**DATA PROVIDED**
╭──

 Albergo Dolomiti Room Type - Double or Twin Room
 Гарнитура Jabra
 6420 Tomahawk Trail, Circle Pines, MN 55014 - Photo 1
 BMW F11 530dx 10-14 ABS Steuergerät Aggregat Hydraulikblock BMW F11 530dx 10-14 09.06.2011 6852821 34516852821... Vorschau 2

╰──
╭──

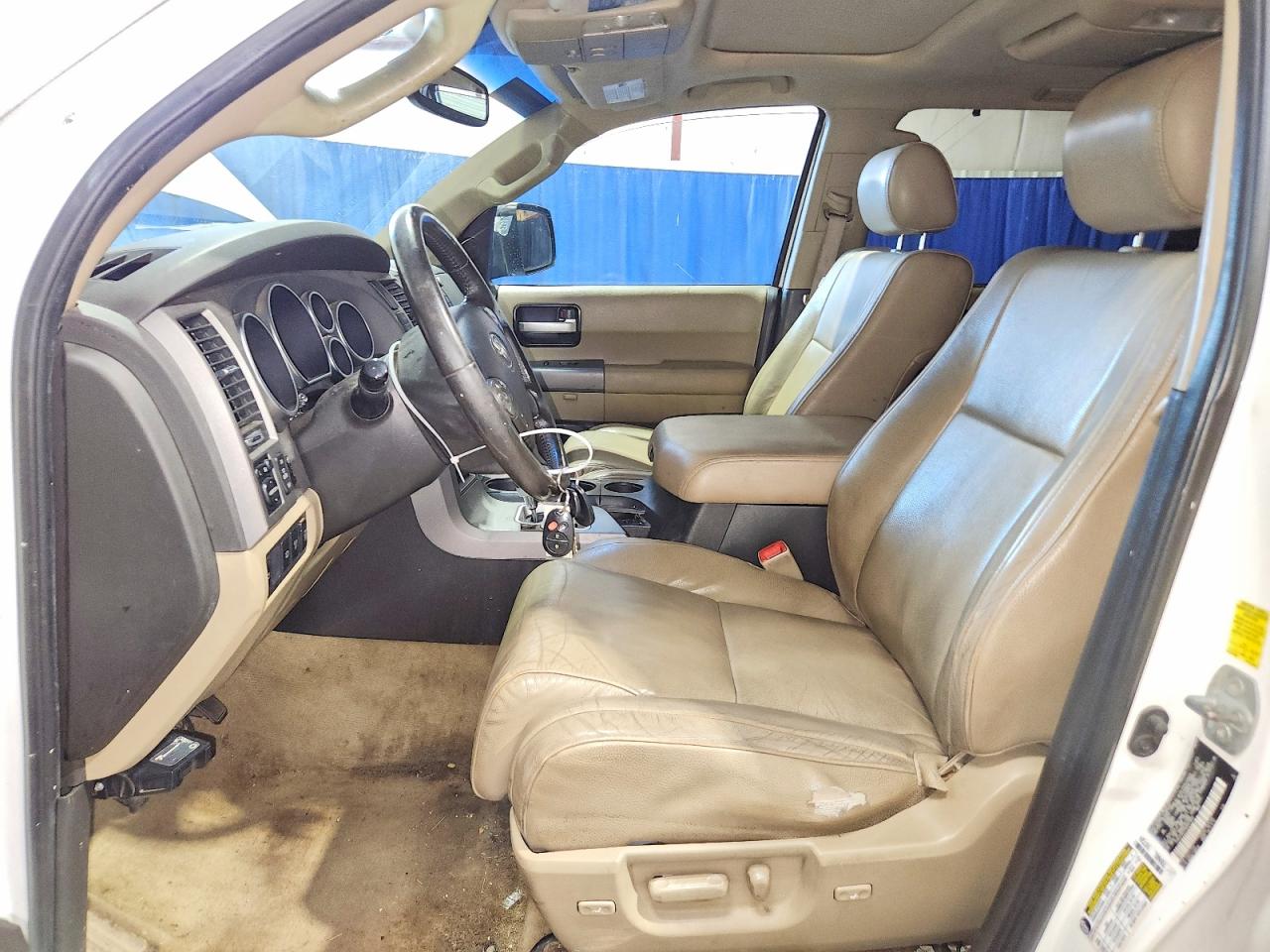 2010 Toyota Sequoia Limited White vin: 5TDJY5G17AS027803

╰──
╭──

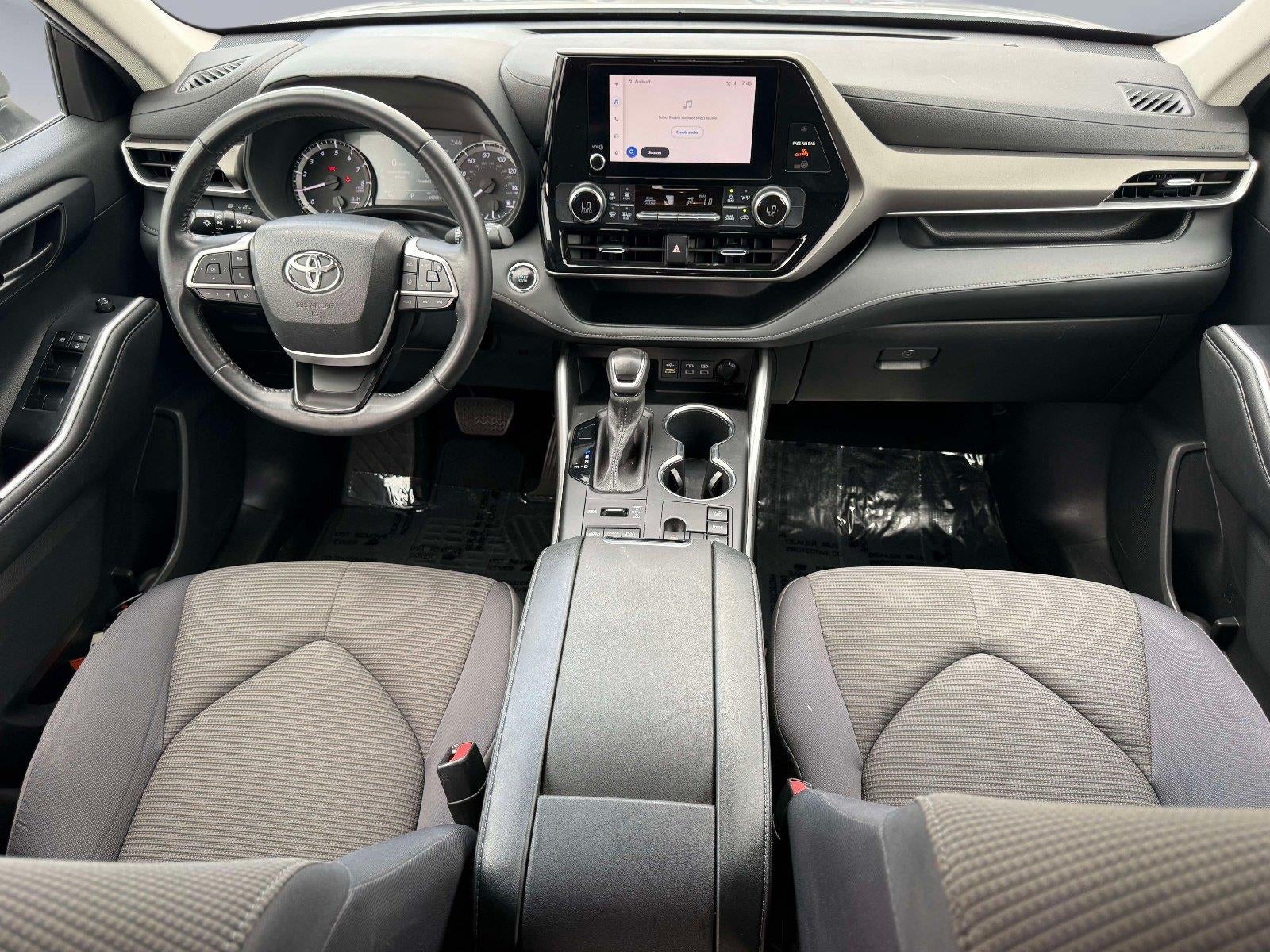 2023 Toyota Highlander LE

╰──

The lines above from the one with "Albergo Dolomiti Room" through the one with "BMW F11 530dx 10-14 ABS" are to be duplicated exactly, ends included, with nothing added.

**OUTPUT**
 Albergo Dolomiti Room Type - Double or Twin Room
 Гарнитура Jabra
 6420 Tomahawk Trail, Circle Pines, MN 55014 - Photo 1
 BMW F11 530dx 10-14 ABS Steuergerät Aggregat Hydraulikblock BMW F11 530dx 10-14 09.06.2011 6852821 34516852821... Vorschau 2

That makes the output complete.